The progressive education approach has a long history. The American Montessori Society reports that, in 1907, the psychiatrist Maria Montessori opened the Casa dei Bambini, a child care center in a low-income district of Rome. Her philosophy drew the attention of educators worldwide, and in the following decades Montessori schools opened throughout Europe, and in North and South America. Today, there are now more than 22,000 Montessori schools in at least 110 countries worldwide.

Montessori’s approach encompasses many aspects, from multi-age groupings that foster peer learning, to uninterrupted blocks of work time, to guided choice of work activity.
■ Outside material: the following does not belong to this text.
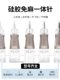 Silicone linen-free instrument needle tattoo machine fully disposable all-in-one machine needle tattoo machine wild eyebrow special U-shaped 7 needle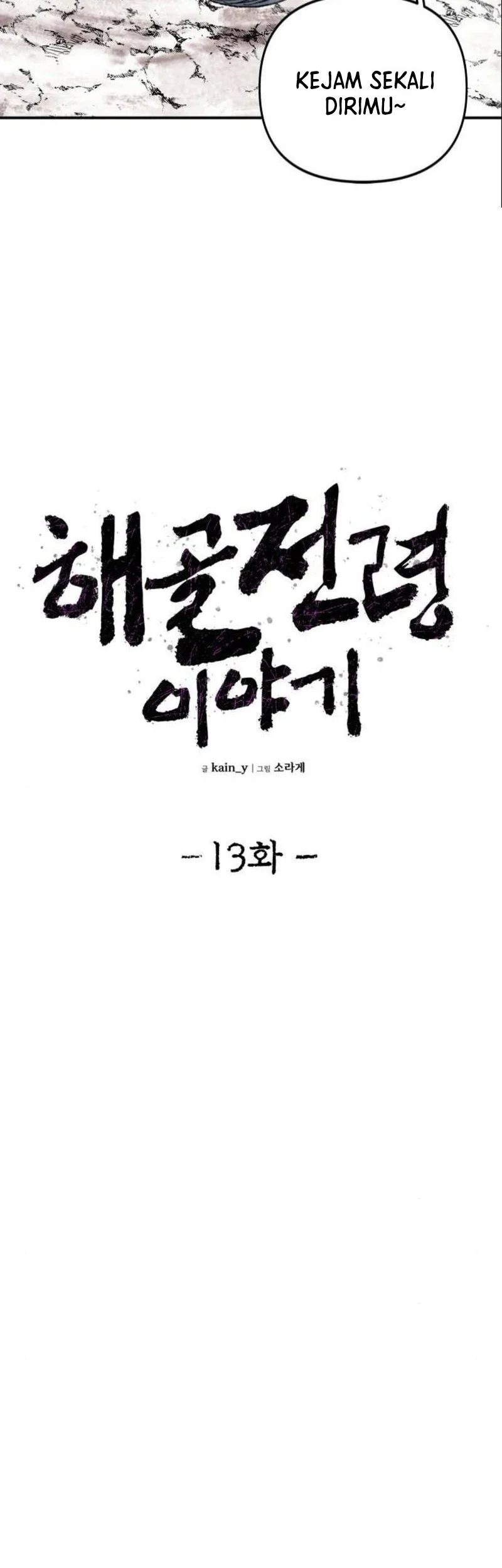 The Tale of the Skeleton Messenger Chapter 13 - halaman 15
One of the key tenets, though, is a hands-on, task-oriented approach to learning, exemplified in tools such as the “dressing frame,” a rectangular wooden torso on which toddlers learn to button, zip, and tie. The frame removes distractions and makes the task obvious. It says, “Here are two flaps of a shirt. Let’s button them together.” The child can attempt to figure it out on his or her own.

Montessori classrooms foster children’s independence through spacious, open designs with designated areas for different kinds of activities. There are quiet corners for reading, soft rugs and couches, and work tables where a preschooler might learn to count by stringing beads or make words with alphabet letters. Above all, the spaces are organized, inviting, and calming.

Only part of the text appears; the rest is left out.